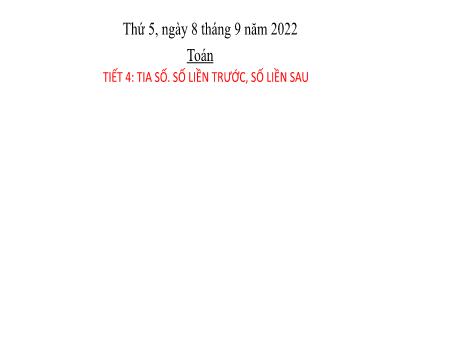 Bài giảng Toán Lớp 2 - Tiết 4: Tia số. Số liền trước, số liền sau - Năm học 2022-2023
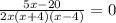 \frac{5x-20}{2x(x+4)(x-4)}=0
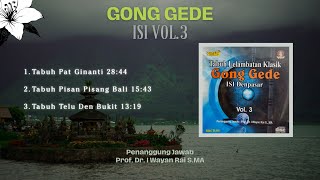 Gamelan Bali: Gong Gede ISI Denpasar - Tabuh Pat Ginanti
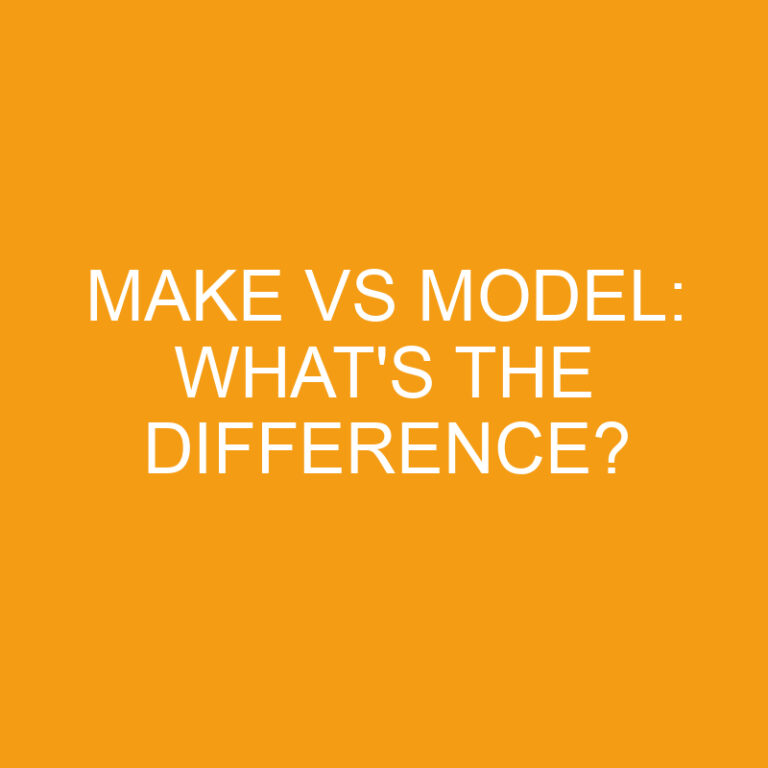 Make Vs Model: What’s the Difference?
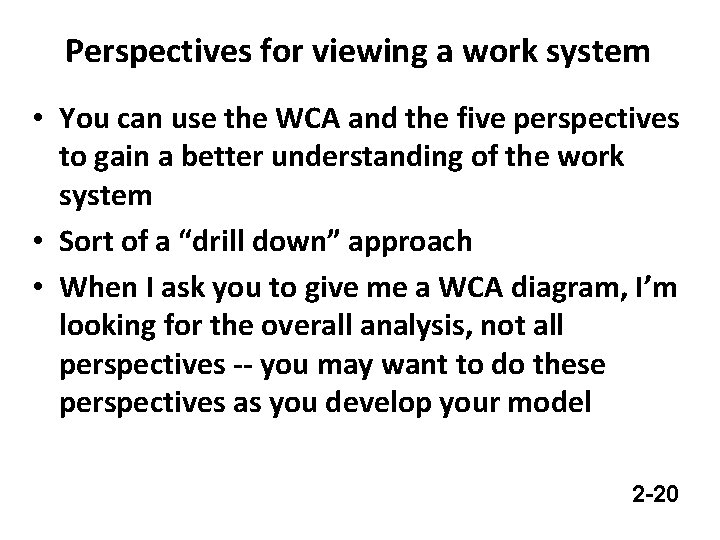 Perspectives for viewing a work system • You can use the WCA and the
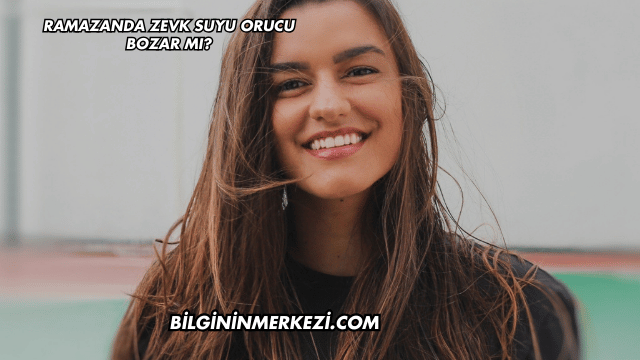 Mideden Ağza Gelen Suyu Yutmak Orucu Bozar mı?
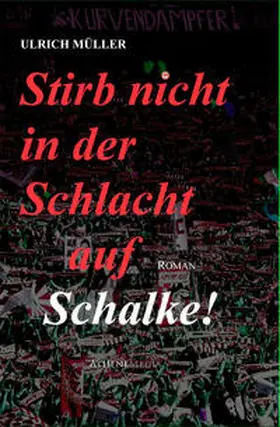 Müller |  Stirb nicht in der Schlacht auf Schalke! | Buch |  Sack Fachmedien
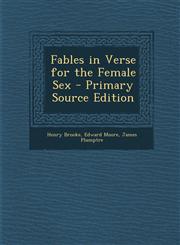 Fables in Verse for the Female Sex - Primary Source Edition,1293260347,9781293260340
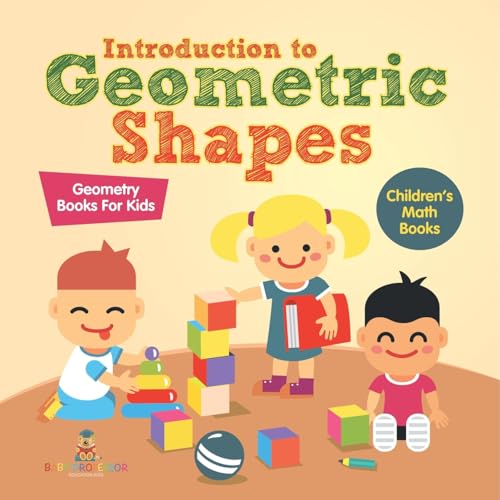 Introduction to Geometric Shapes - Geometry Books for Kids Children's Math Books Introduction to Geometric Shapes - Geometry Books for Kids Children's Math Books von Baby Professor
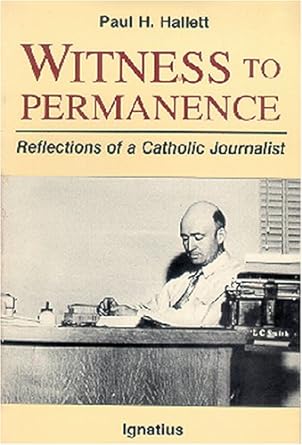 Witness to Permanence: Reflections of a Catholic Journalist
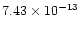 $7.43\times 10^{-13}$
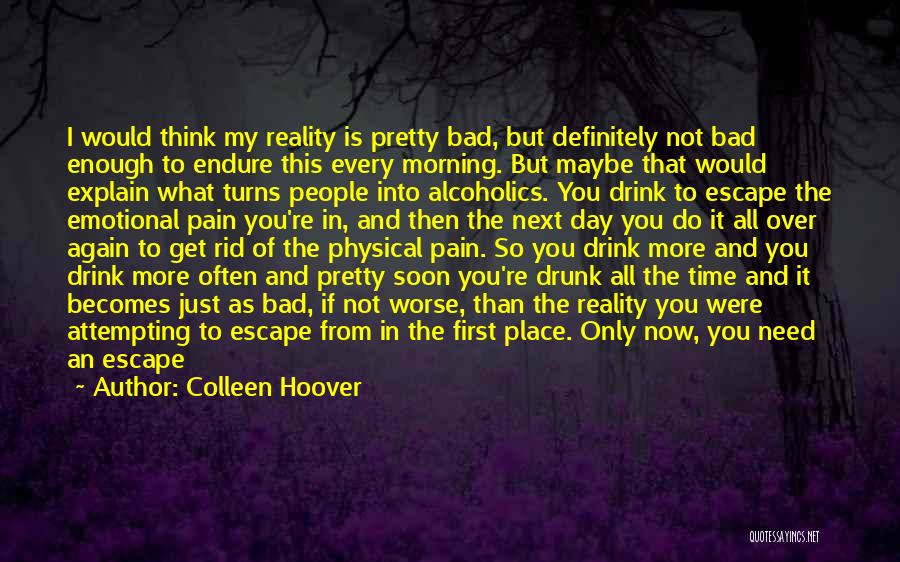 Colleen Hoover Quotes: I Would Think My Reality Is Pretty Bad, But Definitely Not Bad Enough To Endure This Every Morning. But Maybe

────────────────────────────────────────

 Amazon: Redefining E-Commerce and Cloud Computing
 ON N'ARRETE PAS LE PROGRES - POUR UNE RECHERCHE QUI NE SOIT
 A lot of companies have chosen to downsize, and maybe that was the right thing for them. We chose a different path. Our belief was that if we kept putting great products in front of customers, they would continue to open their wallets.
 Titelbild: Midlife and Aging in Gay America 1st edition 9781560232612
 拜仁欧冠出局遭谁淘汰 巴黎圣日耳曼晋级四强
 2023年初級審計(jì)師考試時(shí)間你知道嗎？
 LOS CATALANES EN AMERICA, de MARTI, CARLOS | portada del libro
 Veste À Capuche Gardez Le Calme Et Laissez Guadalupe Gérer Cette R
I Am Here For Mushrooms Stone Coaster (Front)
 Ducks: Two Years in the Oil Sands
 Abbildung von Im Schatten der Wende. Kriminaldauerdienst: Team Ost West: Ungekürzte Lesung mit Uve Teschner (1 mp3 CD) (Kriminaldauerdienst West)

────────────────────────────────────────

Exercise objective >>
Extract the lines of the preceding material that run from the line with "Ducks: Two Years in the Oil Sands" through the line with "Abbildung von Im", inclusive, reproducing them exactly and adding nothing.

Answer box >>
 Ducks: Two Years in the Oil Sands
 Abbildung von Im Schatten der Wende. Kriminaldauerdienst: Team Ost West: Ungekürzte Lesung mit Uve Teschner (1 mp3 CD) (Kriminaldauerdienst West)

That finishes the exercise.